2020-03-18 09:51:48,050 INFO resource_spec.py:212 -- Starting Ray with 343.6 GiB memory available for workers and up to 18.63 GiB for objects. You can adjust these settings with ray.init(memory=, object_store_memory=).
2020-03-18 09:51:48,818 INFO services.py:1122 -- View the Ray dashboard at localhost:8265
2020-03-18 09:51:48,863 INFO scripts.py:387 --
Started Ray on this node. You can add additional nodes to the cluster by calling

ray start --address='<IP-ADDRESS>:6379' --redis-password='<PASSWORD>'

from the node you wish to add. You can connect a driver to the cluster from Python by running

import ray
ray.init(address='auto', redis_password='<PASSWORD>')

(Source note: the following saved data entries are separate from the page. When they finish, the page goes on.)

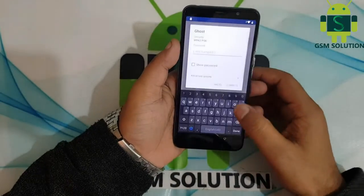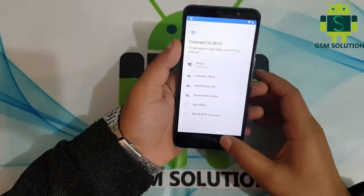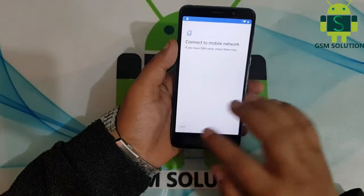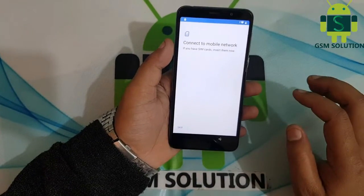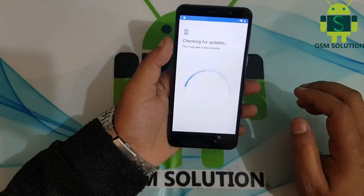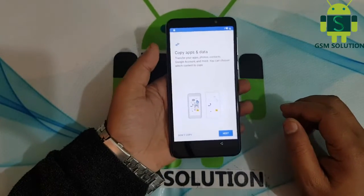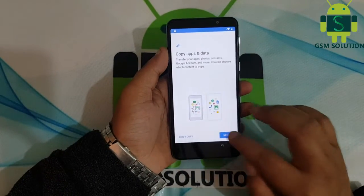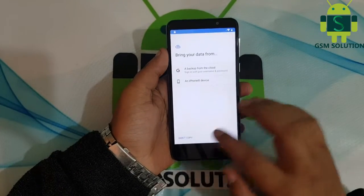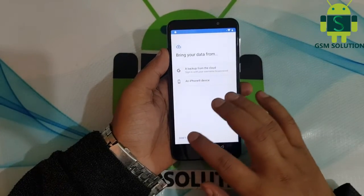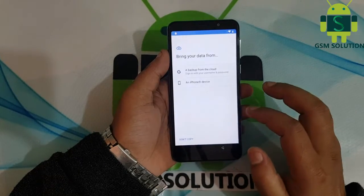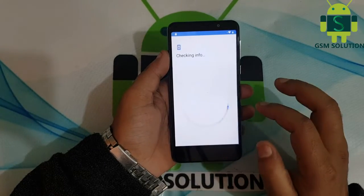Hello friends. Welcome to my channel GSM Solution. In this video I am going to show you how to remove Lenovo A5 SFRP on Android version 9.0 without PC.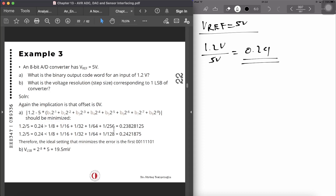Adding up one combination of bits gives 0.2382 and changing the bits gives 0.2421. The first value is the smaller number, so it is closer to 0.24 and is the correct setting. This setting gives us a digital output of 00111111 — where the 128 bit is zero and the 256 bit is one — which minimizes the quantization error. That's part A of the question.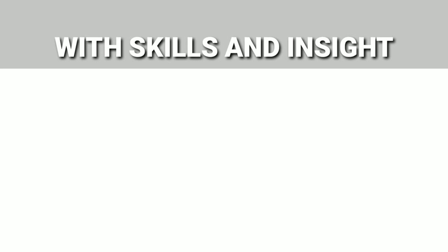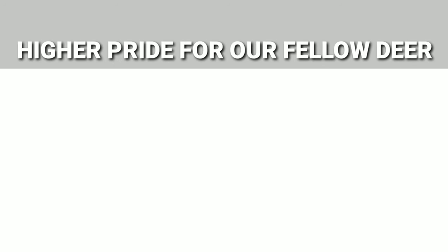We have been blessed as a seer with skills and insight. Look up as we rise high, higher pride for our fellow dear. Trust in facts along with this axe, trust in seers and you won't get tears.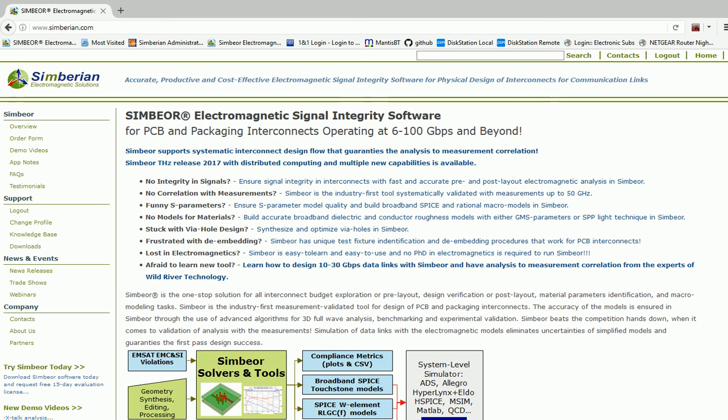Hello, I'm Yuri Shlipnyev, President and Founder of Symbirian Inc. We develop and distribute Symbior Electromagnetic Signal Integrity Software.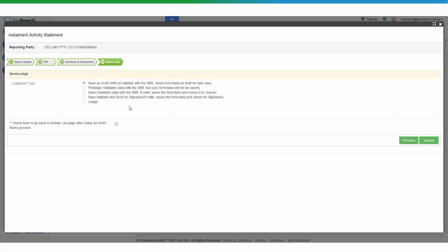You will then arrive at the Save and Lodge section. Every business entity is different and their ATO reporting requirements vary. For this particular business, the information is straightforward. If your business has PAYG details and withholding details, those will populate as you click through the form. When you're happy with everything you can lodge, or if you haven't got all the information together you can Save as Draft — this saves the data but does not validate with the ATO. You can also do a Pre-Lodge which validates with the ATO but does not save the data, or Save and Validate which does both.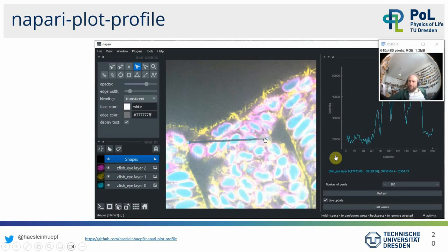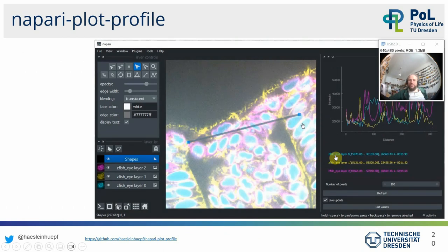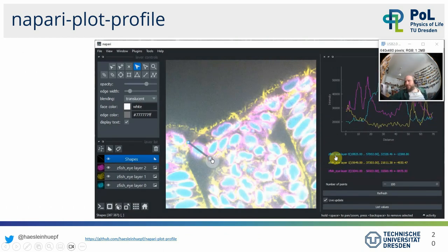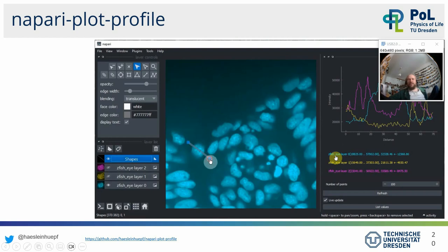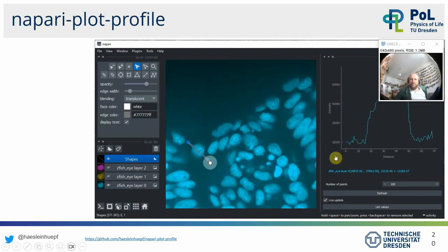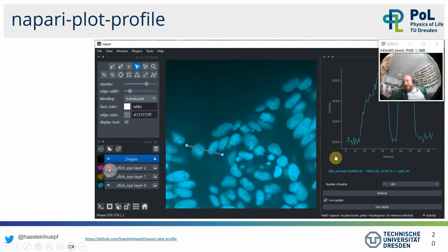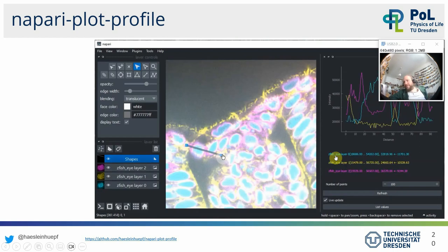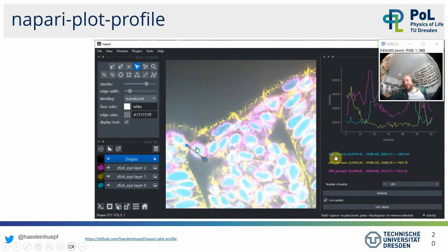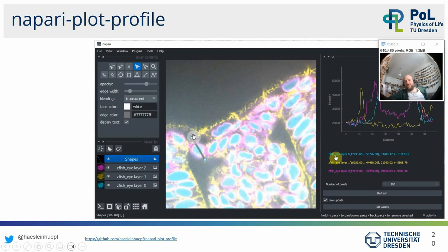For exploring image data, there's also Napari Plot Profile — similar to the plot profiles tool known from ImageJ. You draw a line on a shapes layer (not a labels layer), and it plots the intensity along this line depending on which channels are currently shown. This is useful for seeing how channels are related and how intensities are distributed.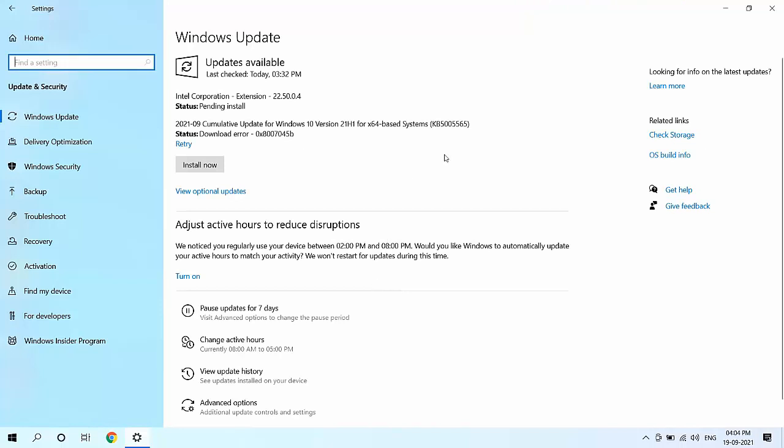As you can see here, there is a 2021-09 cumulative update for Windows 10. Just download it or install it, whatever option you get there, like download or install. Click on that and that's it. Your download will start.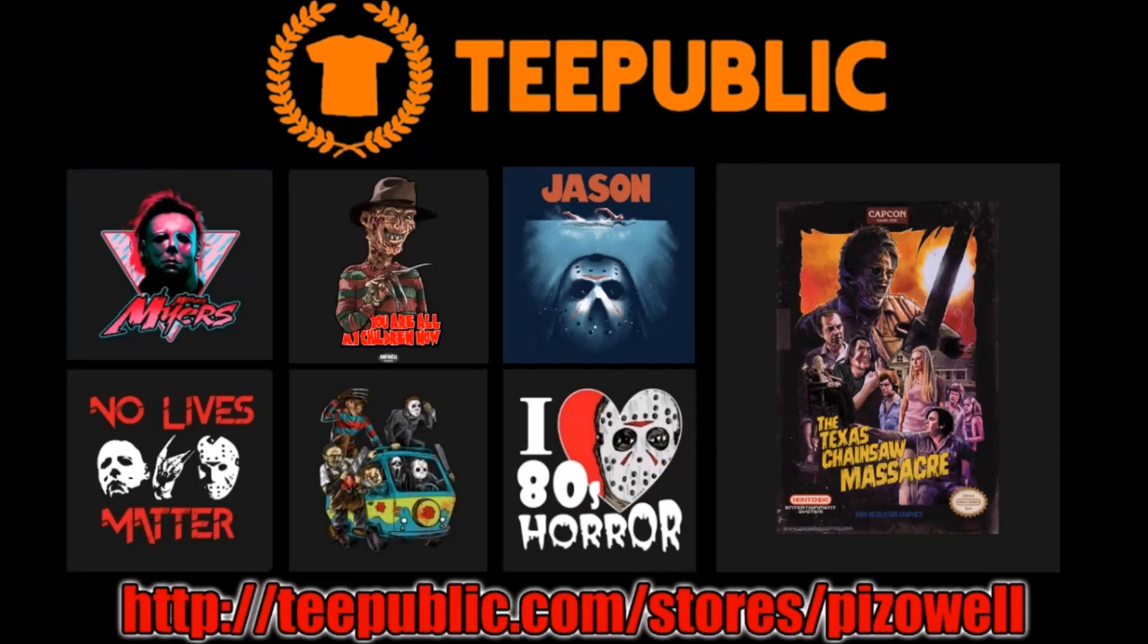For all your t-shirt needs, check out TeePublic's Killer Selection. Follow the link in the description.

If you have trouble connecting from a different machine, check that your firewall is configured properly. If you wish to terminate the processes that have been started, run

ray stop

2020-03-18 09:51:49,016 INFO log_timer.py:17 -- NodeUpdater: neuron.bme.emory.edu: Ray start commands completed [LogTimer=5581ms]
2020-03-18 09:51:49,016 INFO log_timer.py:17 -- NodeUpdater: neuron.bme.emory.edu: Applied config b5ff49744b62938d891a9c56b9cc0dbb99710d8f [LogTimer=7160ms]
2020-03-18 09:51:49,018 INFO node_provider.py:81 -- ClusterState: Writing cluster state: ['sulcus.bme.emory.edu', 'neuron.bme.emory.edu']
2020-03-18 09:51:49,020 INFO commands.py:289 -- get_or_create_head_node: Head node up-to-date, IP address is:
To monitor auto-scaling activity, you can run:

ray exec /snel/home/asedler/core/tune_tf2/cluster.yaml 'tail -n 100 -f /tmp/ray/session_/logs/monitor'

To open a console on the cluster:

ray attach /snel/home/asedler/core/tune_tf2/cluster.yaml

To get a remote shell to the cluster manually, run:

ssh -o IdentitiesOnly=yes -i ~/.ssh/id_rsa asedler@

(tf2-gpu) [asedler@neuron] tune_tf2 $ python ~/ray_test.py
/snel/home/asedler/anaconda3/envs/tf2-gpu/lib/python3.7/site-packages/ray/__init__.py
Traceback (most recent call last):
File "/snel/home/asedler/ray_test.py", line 2, in
ray.init(address="auto")
File "/snel/home/asedler/anaconda3/envs/tf2-gpu/lib/python3.7/site-packages/ray/worker.py", line 674, in init
address, redis_address)
File "/snel/home/asedler/anaconda3/envs/tf2-gpu/lib/python3.7/site-packages/ray/services.py", line 240, in validate_redis_address
address = find_redis_address_or_die()
File "/snel/home/asedler/anaconda3/envs/tf2-gpu/lib/python3.7/site-packages/ray/services.py", line 127, in find_redis_address_or_die
+ "Please specify the one to connect to by setting address.")
ConnectionError: Found multiple active Ray instances: {'$RAY_HEAD_IP:6379', ':6379'}. Please specify the one to connect to by setting address.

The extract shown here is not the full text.